On a socket connection, Windows is randomly generating a bad packet (bad TCP checksum), then retransmits with a malformed packet that is too small. When this happens, the ME 9210 (NetOS) locks up and dies.
Has anyone seen this before?
I recoded with a select() that will throw out any non-wanted or mis-sized packets. I hope that will work, but I am not holding my breath.
I’m wondering whether one of our customers, with a CC9P 9215-based unit, is seeing this. He’s pinging our unit continuously (presumably at the Windows standard rate of about once/second), and the unit randomly locks up - within about 5-10 minutes max. We use a select() on our own code, but no knowledge of what Digi might do.
Was the Windows machine attempting to talk to the ME9210 that locked?
As in most sockets-based APIs, the select call uses some resources. As in many real-time embedded systems, resources are limited. If you are calling the select API, in any kind of a loop and if on error or timeout the select could be called continuously ensure that you have a small delay before your code calls the select API again (trap for timeout, delay, go back to head of loop). This can give the stack time to recover the resources.

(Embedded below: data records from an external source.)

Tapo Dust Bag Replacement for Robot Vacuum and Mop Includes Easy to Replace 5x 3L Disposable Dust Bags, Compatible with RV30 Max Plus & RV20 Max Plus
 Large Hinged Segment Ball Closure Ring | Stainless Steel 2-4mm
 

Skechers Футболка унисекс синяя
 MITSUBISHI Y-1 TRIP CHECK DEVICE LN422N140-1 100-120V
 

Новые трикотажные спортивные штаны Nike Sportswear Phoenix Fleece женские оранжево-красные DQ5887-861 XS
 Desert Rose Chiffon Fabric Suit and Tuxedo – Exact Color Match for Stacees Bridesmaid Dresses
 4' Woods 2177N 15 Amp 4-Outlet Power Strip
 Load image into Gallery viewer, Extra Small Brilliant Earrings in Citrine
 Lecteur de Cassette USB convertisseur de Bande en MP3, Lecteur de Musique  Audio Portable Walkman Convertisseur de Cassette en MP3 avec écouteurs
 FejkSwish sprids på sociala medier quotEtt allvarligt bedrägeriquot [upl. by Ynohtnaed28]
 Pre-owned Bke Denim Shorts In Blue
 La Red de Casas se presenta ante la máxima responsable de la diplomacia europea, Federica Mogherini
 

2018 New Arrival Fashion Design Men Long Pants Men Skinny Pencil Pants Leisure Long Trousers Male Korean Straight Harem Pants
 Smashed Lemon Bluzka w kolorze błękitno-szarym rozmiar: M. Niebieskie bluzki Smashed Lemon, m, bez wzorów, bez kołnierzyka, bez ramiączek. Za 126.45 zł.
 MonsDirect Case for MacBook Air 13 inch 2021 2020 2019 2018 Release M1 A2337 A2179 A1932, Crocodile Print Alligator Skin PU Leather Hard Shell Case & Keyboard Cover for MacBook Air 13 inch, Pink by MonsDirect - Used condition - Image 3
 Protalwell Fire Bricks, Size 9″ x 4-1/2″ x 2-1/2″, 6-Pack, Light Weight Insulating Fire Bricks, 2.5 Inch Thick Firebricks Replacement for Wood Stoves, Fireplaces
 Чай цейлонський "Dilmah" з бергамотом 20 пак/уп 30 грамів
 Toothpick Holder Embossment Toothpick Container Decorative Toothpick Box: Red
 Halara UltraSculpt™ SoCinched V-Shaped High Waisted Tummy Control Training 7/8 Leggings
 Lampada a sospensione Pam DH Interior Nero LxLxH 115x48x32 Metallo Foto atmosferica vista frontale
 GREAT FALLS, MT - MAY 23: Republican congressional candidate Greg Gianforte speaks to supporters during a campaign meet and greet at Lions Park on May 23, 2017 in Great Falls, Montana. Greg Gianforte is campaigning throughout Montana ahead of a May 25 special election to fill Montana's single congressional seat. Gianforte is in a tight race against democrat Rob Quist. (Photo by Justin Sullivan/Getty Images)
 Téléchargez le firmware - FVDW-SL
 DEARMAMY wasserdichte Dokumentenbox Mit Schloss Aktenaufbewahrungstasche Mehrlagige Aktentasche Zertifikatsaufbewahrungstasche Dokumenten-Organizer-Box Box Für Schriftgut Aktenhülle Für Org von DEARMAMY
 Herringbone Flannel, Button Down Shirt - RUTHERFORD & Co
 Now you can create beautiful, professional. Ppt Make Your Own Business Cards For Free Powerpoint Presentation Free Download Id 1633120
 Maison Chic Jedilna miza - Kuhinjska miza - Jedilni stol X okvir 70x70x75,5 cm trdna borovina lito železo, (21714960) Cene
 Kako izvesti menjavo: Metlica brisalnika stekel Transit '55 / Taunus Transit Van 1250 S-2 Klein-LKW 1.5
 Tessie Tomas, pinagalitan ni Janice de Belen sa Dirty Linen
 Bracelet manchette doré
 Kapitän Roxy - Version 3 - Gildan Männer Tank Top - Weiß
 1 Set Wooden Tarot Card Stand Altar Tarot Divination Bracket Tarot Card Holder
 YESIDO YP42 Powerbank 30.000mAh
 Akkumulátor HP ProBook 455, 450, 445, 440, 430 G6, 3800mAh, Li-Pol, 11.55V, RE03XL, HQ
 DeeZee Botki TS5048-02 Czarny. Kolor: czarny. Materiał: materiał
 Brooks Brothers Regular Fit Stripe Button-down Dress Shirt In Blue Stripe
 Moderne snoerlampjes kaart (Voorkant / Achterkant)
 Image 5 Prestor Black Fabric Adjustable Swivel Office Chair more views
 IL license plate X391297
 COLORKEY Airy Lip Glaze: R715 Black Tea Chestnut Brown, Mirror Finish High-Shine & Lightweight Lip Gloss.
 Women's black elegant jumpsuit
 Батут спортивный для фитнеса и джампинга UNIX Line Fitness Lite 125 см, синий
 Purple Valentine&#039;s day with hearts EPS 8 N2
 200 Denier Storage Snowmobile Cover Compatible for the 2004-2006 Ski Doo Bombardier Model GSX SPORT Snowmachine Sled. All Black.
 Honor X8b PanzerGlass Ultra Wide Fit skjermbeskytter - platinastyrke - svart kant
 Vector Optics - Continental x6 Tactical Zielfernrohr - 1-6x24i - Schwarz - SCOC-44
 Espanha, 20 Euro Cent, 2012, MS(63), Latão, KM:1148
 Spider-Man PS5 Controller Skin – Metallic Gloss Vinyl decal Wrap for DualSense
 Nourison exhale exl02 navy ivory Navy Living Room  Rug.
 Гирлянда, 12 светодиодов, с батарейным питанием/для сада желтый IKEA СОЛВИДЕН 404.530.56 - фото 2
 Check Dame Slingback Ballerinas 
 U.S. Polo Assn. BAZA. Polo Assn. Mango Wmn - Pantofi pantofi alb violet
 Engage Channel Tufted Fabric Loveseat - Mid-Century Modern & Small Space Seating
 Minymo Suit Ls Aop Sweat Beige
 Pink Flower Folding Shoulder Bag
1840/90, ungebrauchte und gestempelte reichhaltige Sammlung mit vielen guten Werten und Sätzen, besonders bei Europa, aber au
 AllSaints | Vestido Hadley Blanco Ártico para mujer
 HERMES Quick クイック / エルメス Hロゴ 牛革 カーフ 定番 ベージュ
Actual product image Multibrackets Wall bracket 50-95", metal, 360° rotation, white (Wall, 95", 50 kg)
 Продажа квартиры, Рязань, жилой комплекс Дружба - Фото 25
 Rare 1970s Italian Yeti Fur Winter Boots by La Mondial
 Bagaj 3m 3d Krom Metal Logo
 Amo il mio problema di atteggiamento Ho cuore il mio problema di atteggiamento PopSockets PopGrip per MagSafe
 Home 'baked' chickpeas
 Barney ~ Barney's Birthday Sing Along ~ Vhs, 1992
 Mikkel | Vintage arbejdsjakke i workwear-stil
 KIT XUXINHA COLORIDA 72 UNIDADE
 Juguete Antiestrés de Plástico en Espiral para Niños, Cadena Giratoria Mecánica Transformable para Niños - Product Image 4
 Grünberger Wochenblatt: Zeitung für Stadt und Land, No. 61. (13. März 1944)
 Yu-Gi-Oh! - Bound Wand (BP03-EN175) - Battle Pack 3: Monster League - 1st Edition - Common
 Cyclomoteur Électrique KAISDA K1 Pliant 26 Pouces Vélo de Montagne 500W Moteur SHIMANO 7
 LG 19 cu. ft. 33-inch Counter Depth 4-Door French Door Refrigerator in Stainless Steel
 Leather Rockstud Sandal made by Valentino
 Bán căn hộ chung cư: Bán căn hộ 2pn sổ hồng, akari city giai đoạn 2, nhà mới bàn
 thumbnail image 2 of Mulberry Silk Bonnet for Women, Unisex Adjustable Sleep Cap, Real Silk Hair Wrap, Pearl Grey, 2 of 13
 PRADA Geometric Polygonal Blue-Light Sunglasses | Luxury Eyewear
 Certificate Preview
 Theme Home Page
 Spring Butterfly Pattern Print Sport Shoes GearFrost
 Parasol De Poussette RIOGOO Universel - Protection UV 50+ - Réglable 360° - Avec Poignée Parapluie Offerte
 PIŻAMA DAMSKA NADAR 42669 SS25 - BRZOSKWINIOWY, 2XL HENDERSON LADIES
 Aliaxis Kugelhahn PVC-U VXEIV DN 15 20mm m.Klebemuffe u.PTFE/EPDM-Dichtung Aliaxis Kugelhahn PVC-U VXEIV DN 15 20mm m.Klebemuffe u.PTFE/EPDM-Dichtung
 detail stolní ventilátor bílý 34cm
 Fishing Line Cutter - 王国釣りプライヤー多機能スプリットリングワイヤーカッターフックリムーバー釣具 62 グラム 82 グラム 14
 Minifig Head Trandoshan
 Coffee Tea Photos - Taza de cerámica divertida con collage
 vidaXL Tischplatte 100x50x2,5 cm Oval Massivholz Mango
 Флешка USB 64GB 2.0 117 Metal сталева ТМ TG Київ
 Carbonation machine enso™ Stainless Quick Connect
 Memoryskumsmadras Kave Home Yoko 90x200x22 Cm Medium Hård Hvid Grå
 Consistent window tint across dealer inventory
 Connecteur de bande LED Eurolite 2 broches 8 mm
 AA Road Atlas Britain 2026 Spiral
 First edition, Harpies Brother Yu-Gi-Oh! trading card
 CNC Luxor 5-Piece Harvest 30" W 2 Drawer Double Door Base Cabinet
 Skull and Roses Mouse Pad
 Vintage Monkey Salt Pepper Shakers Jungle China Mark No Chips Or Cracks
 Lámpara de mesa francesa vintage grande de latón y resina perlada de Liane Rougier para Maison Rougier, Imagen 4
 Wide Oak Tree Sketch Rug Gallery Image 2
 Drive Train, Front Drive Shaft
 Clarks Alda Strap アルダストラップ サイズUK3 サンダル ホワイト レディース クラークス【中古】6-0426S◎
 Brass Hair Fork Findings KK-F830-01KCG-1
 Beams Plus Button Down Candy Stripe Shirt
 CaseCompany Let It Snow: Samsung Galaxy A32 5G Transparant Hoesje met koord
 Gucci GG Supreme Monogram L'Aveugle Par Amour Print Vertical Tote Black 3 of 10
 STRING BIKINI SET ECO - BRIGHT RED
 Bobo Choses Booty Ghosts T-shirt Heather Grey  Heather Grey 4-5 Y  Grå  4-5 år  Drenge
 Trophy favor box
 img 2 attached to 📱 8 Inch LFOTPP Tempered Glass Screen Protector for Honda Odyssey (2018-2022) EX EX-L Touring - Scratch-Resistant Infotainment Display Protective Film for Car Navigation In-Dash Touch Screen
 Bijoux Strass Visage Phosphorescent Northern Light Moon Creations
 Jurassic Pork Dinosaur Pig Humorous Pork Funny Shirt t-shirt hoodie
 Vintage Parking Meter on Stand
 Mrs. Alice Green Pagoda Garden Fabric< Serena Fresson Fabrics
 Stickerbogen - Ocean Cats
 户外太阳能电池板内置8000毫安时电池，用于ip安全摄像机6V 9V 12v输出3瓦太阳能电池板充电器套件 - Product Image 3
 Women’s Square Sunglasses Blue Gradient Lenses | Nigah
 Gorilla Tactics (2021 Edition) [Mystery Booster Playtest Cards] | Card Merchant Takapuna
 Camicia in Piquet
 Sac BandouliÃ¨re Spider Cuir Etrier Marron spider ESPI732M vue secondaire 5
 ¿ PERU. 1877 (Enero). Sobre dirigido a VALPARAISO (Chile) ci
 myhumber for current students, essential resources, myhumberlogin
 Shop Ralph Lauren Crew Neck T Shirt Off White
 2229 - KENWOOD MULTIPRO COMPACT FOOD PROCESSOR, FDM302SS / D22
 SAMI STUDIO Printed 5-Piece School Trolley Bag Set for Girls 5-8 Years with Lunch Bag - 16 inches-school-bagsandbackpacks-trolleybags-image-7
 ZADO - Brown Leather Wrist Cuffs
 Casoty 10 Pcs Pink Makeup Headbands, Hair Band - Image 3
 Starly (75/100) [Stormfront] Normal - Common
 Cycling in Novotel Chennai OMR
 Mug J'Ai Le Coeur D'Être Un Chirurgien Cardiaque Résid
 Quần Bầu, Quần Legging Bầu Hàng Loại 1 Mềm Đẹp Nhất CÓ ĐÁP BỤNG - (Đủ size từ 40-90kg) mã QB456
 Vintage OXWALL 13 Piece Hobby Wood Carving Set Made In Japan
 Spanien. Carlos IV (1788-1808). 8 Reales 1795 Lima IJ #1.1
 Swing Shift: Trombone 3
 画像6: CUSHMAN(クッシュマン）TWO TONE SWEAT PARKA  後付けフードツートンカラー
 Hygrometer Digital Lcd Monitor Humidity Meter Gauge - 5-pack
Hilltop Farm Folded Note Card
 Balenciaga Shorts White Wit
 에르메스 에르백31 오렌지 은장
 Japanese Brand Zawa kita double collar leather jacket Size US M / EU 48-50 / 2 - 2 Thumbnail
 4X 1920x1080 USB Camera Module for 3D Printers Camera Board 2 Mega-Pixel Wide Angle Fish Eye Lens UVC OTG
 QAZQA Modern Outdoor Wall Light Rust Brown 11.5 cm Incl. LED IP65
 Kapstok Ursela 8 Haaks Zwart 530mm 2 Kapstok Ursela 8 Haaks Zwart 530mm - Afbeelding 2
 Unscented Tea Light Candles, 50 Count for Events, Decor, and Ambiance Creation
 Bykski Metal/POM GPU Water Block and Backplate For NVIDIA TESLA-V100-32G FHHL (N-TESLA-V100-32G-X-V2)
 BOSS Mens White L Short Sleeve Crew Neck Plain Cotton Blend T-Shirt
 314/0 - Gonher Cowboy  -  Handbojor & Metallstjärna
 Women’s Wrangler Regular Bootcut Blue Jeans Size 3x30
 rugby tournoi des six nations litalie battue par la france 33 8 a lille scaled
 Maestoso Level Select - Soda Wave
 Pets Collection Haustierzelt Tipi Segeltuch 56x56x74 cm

Well, so far so good. It has lasted a week on four units without locking up.
I am calling select() with a 10 second timeout. Then I am calling it with a 50ms timeout to get the rest of the data. I haven’t had any select errors, but I have seen several recv() errors. It recovered nicely.
I am also running this from an accept() with multiple threads. It is nice that NetOS fixed the thread safe issues with NetOS 7. (NetOS 5 and 6 were not thread safe with the network API calls.)
SteveD, yes it was a Windows machine. I used WireShark to watch the network packets, and Windows is messing up and sending a bad packet or two. The standard recvfrom() and select()/recv() loops couldn’t handle it. I recoded to do a double select()/recv() loop with a quick timeout and throw away of the data. The loop also throws out oversized packets. Works a lot better.
A note, NOTHING responds well to a constant ping. That is a common part of a DOS [Denial Of Service] attack. I would change the Windows App to ping only every 5-10 seconds or so.